Fly-tipping has long been a blight on Havering, and the year before the council spent around £150,000 on clearing dumped debris.

Last month, the borough’s highways committee agreed to close one Upminster road that had become a hotbed of fly-tipping to vehicle traffic, but a second scheme was deferred when councillors raised fears that closing roads could become “draconian”.

And back in January, a council spokesman estimated the authority could even spend as much as £1million on cleaning fly-tips by the end of the calendar year, amid claims the borough was “essentially victim of organised crime”.

Cllr Osman Dervish, cabinet member for environment, confirmed that the fly-tipping does cost the local authority around £1m annually.

He said: “Havering Council urges all residents to support us in the fight against fly-tipping.

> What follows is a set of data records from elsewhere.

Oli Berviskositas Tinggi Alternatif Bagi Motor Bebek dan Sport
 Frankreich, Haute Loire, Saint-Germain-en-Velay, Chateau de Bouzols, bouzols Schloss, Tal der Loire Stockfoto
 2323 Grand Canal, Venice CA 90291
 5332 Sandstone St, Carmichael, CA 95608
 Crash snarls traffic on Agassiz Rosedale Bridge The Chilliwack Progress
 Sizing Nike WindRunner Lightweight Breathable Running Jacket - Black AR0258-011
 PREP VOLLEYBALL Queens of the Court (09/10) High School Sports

“Fly-tips in the borough range from single black sacks of household or commercial waste, mattresses, tyres and furniture, to organised dumps of mountains of demolition waste and rubble.

“The council continues to work with the police and other partners to tackle the problem with joint operations. We have also recently taken more drastic steps with proposals to close roads around fly-tipping hotspots in the borough.

“Our crackdown on fly-tippers means anyone caught dumping rubbish illegally could face a penalty notice, court summons or even prison.

“We remind everyone to continue to report any fly-tipping they see or know of and to dispose of their waste legally and responsibly.”